SUPPLIED RECORDS:
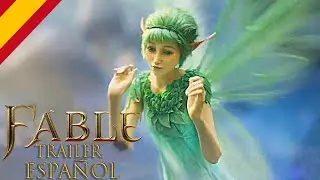 FABLE 4 - TRAILER [ES]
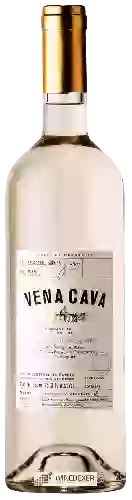 Wijnmakerij Vena Cava - Sauvignon Blanc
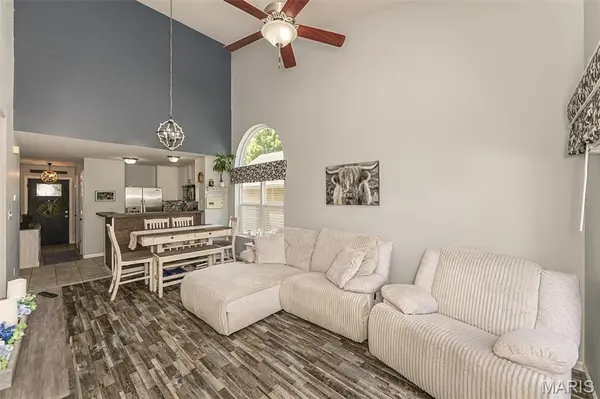 Address not disclosed, O'fallon, MO 63366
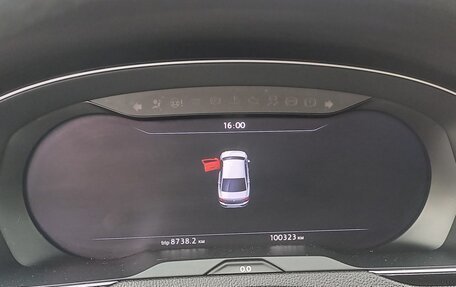 Volkswagen Passat B8 рестайлинг, 2016 год, 2 300 000 рублей, 7 фотография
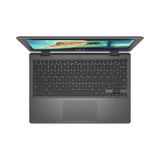 ASUS Chromebook CR1 11.6" Notebook, Intel Celeron N5100, 4GB RAM, 64GB eMMC — Being Shipped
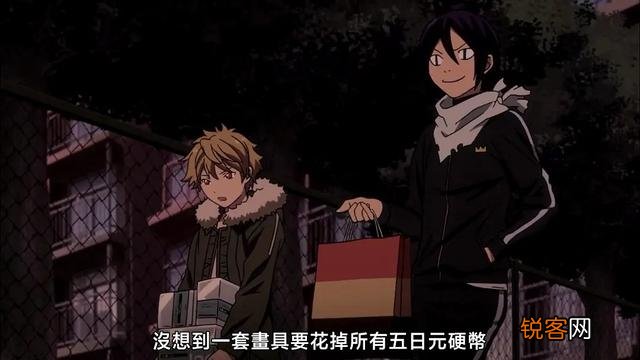 最吸引你的十部日本动漫是什么？为什么？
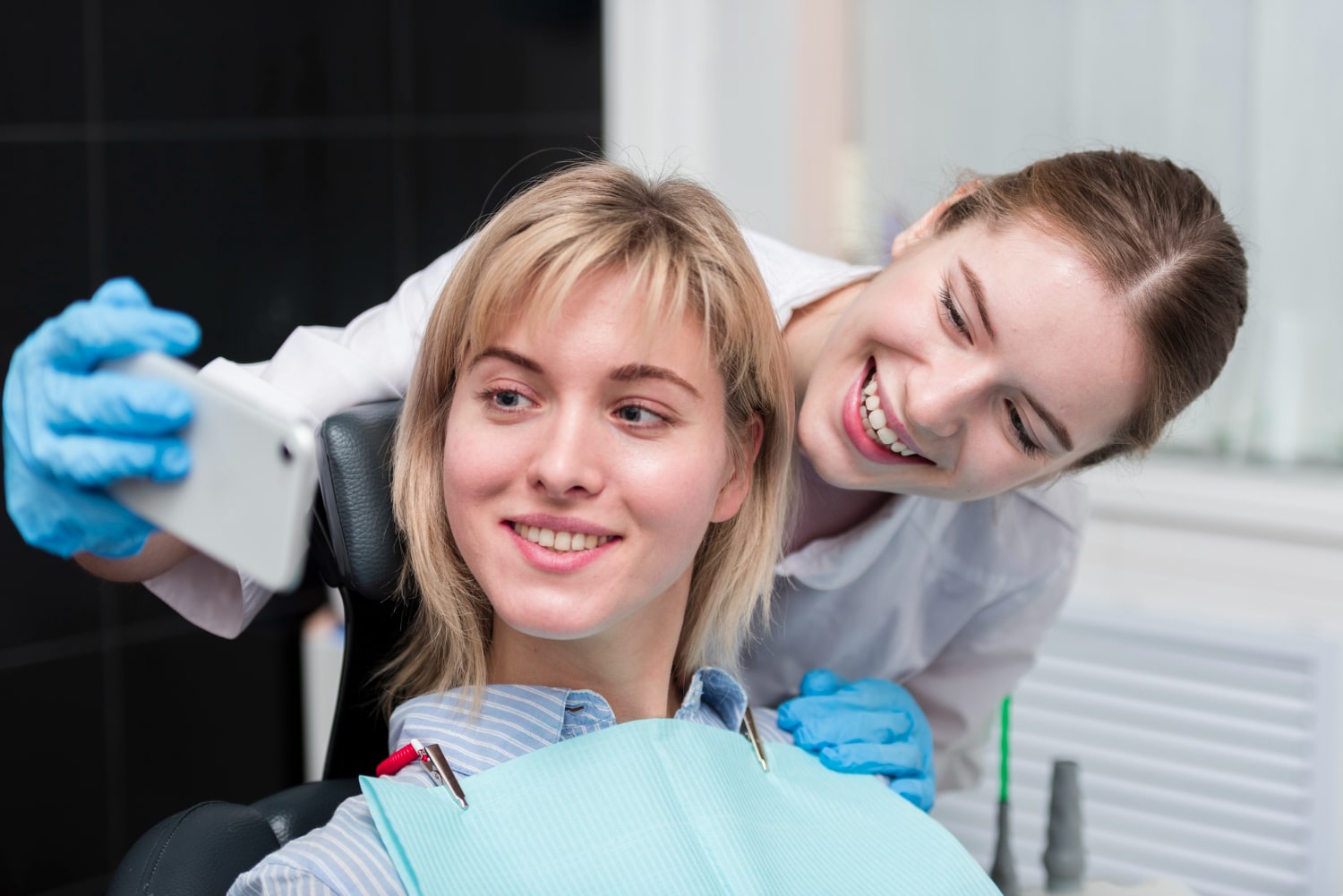 How Dental Bonding Can Brighten Your Smile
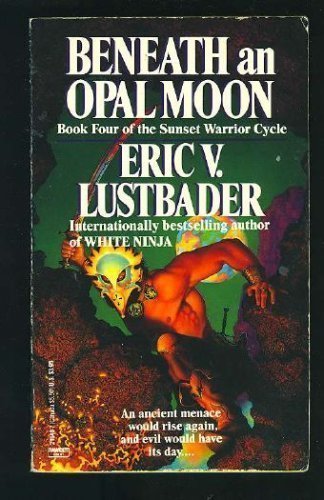 Imagen de archivo de Beneath An Opal Moon a la venta por A Mystical Unicorn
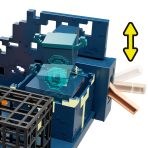 Minecraft Mini Mode Rise of the Warden Playset - Image 5
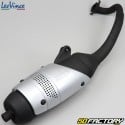 Exhaust Peugeot horizontal Ludix, Speedfight 3 ... 50 2T Leovince Touring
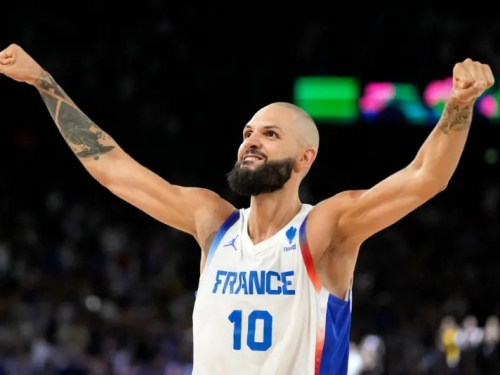 NBA》Fournier離開NBA就開炮？受訪直呼：有球隊為了選秀順位故意輸球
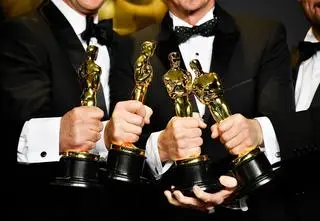 Rewolucja na Oscarach. Może zniknąć kategoria "najlepsza aktorka". Dlaczego?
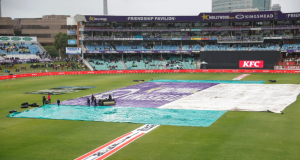 rain abondons first T20I between India and South Africa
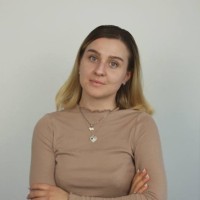 Yelyzaveta Kushmantseva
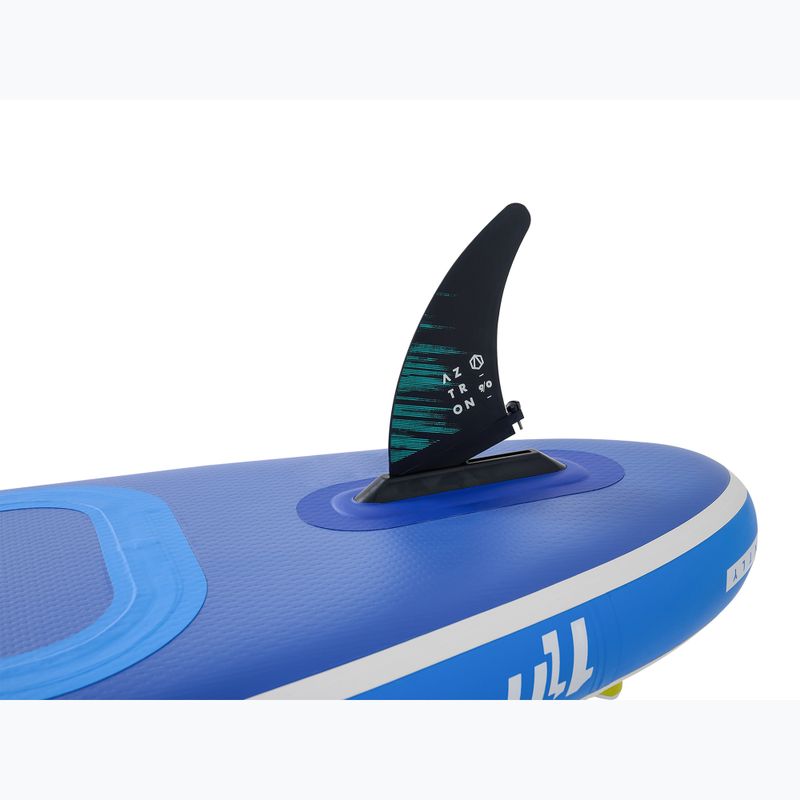 Aztron Titan 3.0 11'11" SUP board 8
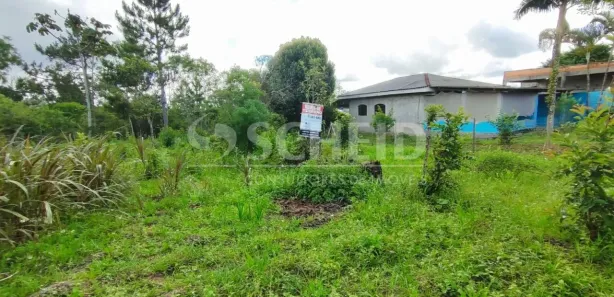 Terreno / Lote / Condomínio à venda, 987m² no Recreio, Embu-Guaçu
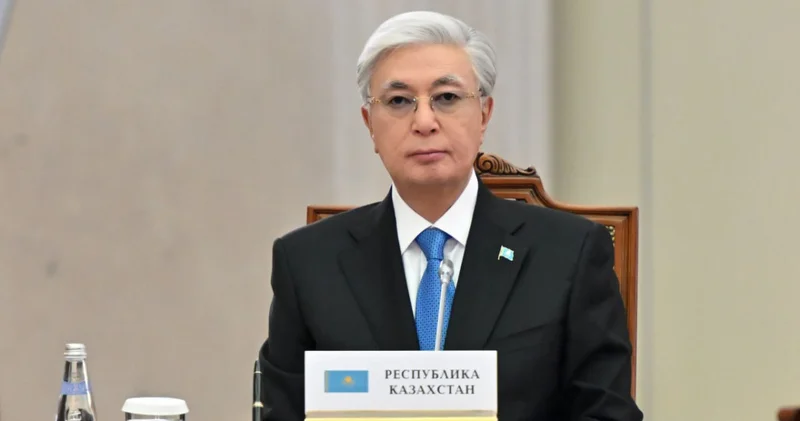 Қасым Жомарт Тоқаевтың пікірінше, ЕАЭО әлемдегі маңызды көлік логистика торабы бола алады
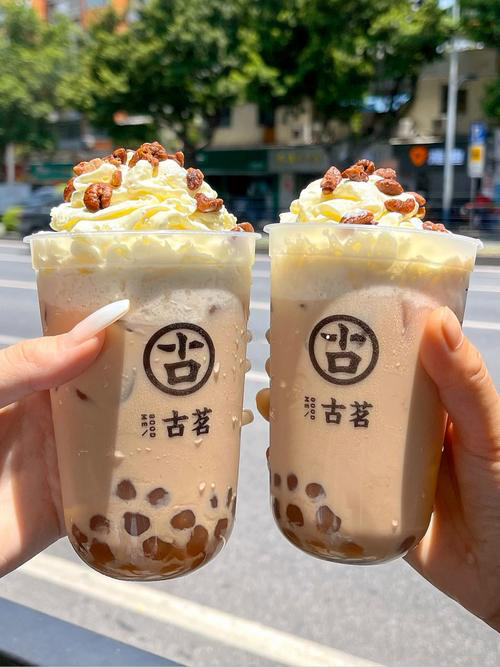 古茗道加盟費(fèi)明細(xì)，古茗的加盟費(fèi)多少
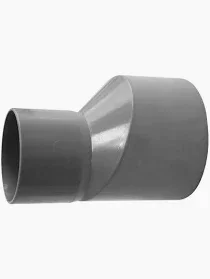 REDUCTOR SANITARIO 110X75 (20453) TRECE E10RD110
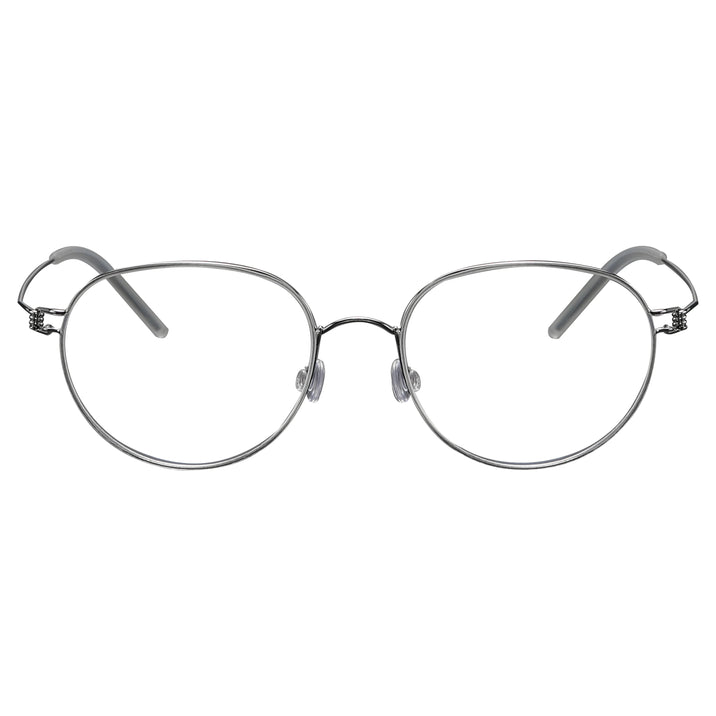 Oval Glasses LE0488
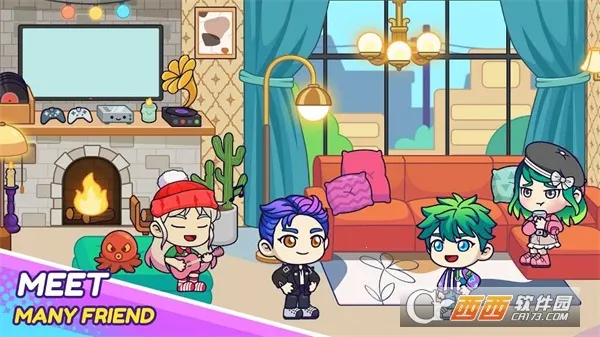 ���������������ҵĹ���2025�ٷ�����v1.0.2 ��Ѱ��ͼ1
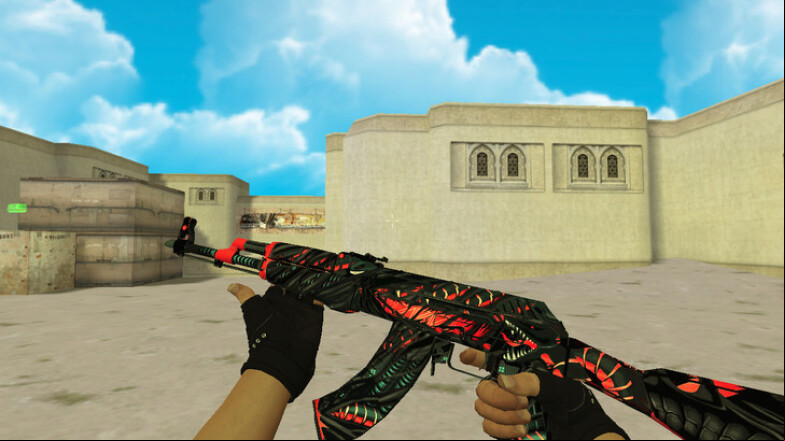  CS 1.6 NextGen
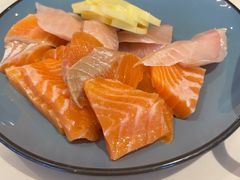 -吉布鲁牛排海鲜自助(深圳金牌店)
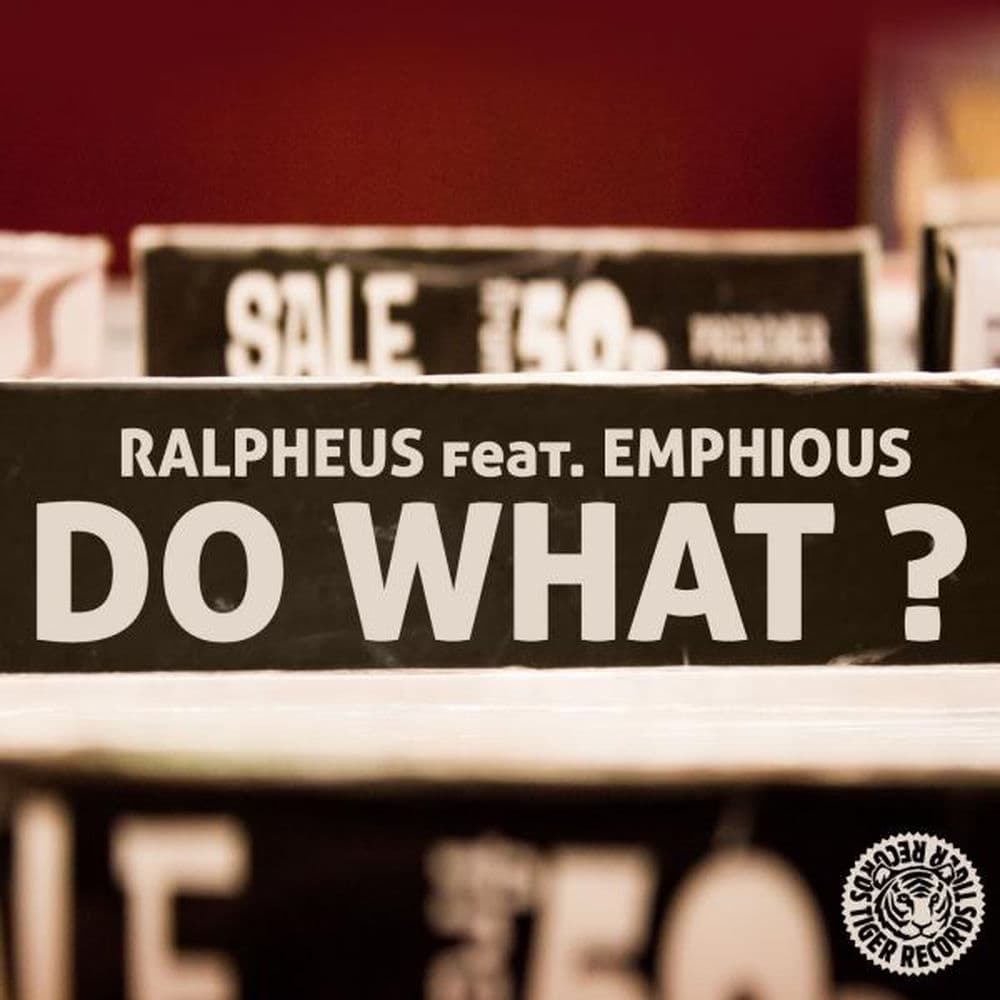 Ralpheus – Electro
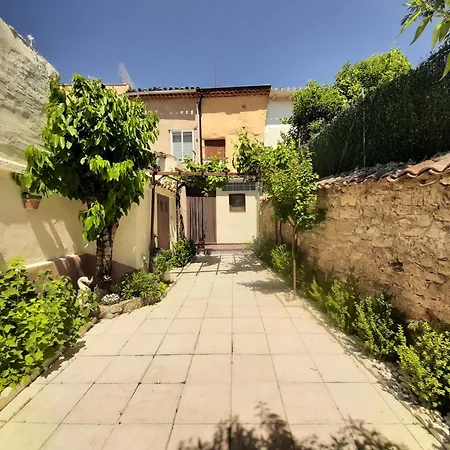 Casa Caete Torquemada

EXERCISE DETAILS: Each line from the one with "Қасым Жомарт Тоқаевтың" through the end of the entries should be reproduced exactly. Leave out the pictures.

WORKED SOLUTION:
 Қасым Жомарт Тоқаевтың пікірінше, ЕАЭО әлемдегі маңызды көлік логистика торабы бола алады
 古茗道加盟費(fèi)明細(xì)，古茗的加盟費(fèi)多少
 REDUCTOR SANITARIO 110X75 (20453) TRECE E10RD110
 Oval Glasses LE0488
 ���������������ҵĹ���2025�ٷ�����v1.0.2 ��Ѱ��ͼ1
  CS 1.6 NextGen
 -吉布鲁牛排海鲜自助(深圳金牌店)
 Ralpheus – Electro
 Casa Caete Torquemada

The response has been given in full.